Source: Ticked Florio Mulls Challenge of Arango, or When Somerset Came to Hudson
When the Proximos of the world again become the gladiators, and the game makers – out of boredom perhaps or simply an unquenchable thirst for action – become the gamers, that signifies that all hell has probably broken loose.
In this case, the panorama of New York from the vantage point of Hoboken titillates the imagination of even the most jaded and jaundiced operatives who wash up on River Street, but for Dale Florio, the view that may fascinate him the most from his Hoboken domicile is not of New York – but of the Hudson political scene.
Twenty plus years the chairman of the Somerset County Republican Party, Florio moved to Hudson’s mile-square city after handing the party organization off the sitting Chairman Al Gaburo.
He has kept a low profile for years, but now the party finds itself in a gubernatorial rodeo.
In the midst of an increasingly hard-fought GOP primary where the bosses of the counties are as engaged or more engaged then the candidates in a fight for the future maintenance of the state apparatus in a post-Chris Christie world, Florio muses about the possibility of taking on Hudson County GOP Chairman Jose Arango, a source told InsiderNJ.
An ally of Ocean County GOP Chairman George Gilmore, Arango backs Lieutenant Governor Kim Guadagno for governor.
Florio is saddled up with Guadagno’s chief rival, Assemblyman Jack Ciattarelli (R-16).
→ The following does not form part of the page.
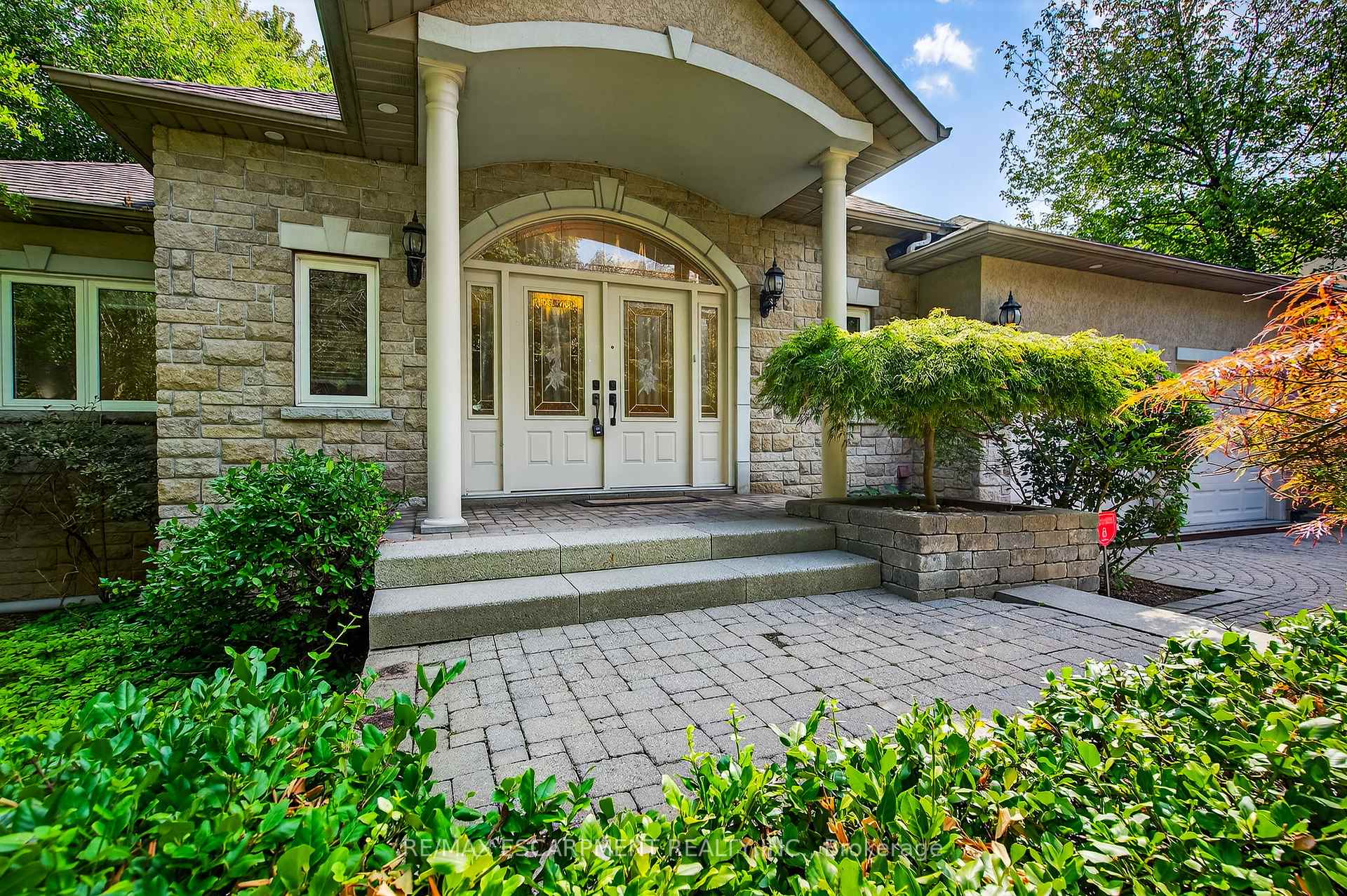 1262 Mississauga Road Mississauga Ontario Canada Sale residential Jeffrey Vella Sutton Group-Summit Realty Inc., Brokerage*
As Guadagno and Ciattarelli jockey for line across the state of New Jersey, a testy contest among the chairs continues to bubble to the surface.
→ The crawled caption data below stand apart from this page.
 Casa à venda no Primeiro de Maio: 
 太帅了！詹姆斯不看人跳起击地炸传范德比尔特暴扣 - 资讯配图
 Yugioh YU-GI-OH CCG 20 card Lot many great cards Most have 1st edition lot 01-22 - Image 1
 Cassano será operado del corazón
A GOP source said Layton and others were irritated when Arango agreed, then backed down – according to the source’s recollection – from having the meeting with the governors’ candidates.
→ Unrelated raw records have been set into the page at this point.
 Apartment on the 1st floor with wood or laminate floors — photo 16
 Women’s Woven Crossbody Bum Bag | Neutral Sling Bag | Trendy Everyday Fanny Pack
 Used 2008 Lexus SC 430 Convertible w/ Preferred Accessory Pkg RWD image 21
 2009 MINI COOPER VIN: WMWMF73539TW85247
Florio was also irritated.
So much so that the former chairman, principal and founder of Princeton Public Affairs, and Millicent Fenwick-molded Republican may decide on exercising a rematch clause on that 1974 Fenwick v. Tom Kean match-up that produced a congressional seat for the former.
Arango – a former assemblyman who rode to Trenton on Ronald Reagan’s and the GOP governor’s coattails – is a diehard Kean guy.
But for the moment it’s Arango’s chairmanship of the chairmen that frets Florio, who now gazes on Hudson with newfound political motivation as he stoutly advocates everywhere for Ciattarelli.